Profiling GPU work
stax recordings are not limited to what the CPU sampler can see. A profiled app can put target/executor lanes on the same timeline as its threads: GPU command queues, accelerator work, runtime queues, or any other work the target can timestamp and name. GPU work is the first concrete consumer, but the mechanism is deliberately general — no export step, no second tool, no correlation pass.
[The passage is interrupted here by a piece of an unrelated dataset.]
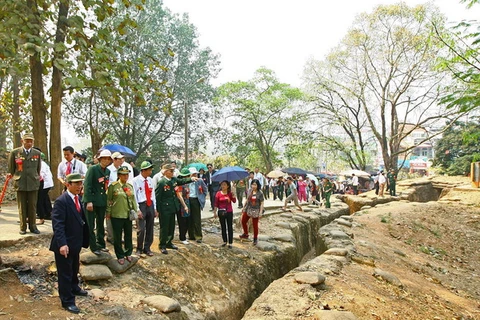 Du khách đến thăm các di tích ở Điện Biên tăng đột biến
This page is the GPU specialization of the generic target-span integration contract.
How it works
The app links the stax-target crate and does two things:
Gate capture on
stax_target::reporting_active()— one relaxed atomic load, safe on hot paths. A background worker (spawned on first use; threads namedstax-target/stax-target-io) polls stax-server about once a second: "is a recording of my pid active?" Attach and detach propagate within one poll period. No server, no socket, server restart — all degrade to "off" and recover on a later poll. The app pays its span-capture cost (e.g. GPU timestamp heaps) only while recorded.Report spans through a lane such as
stax_target::Lane::metal("GPU tq1s")— fire and forget, bounded queue, drop-newest; eachTargetSpanis a name plus absolutemach_absolute_time-derived nanoseconds (Apple Silicon GPU timestamps share that timebase, which is why no correlation step exists anywhere). A target can also attach aTargetSpanOrigincaptured withstax_target::current_span_origin()at dispatch/queue time; that gives stax the CPU tid and timestamp needed to borrow the nearest sampled CPU stack.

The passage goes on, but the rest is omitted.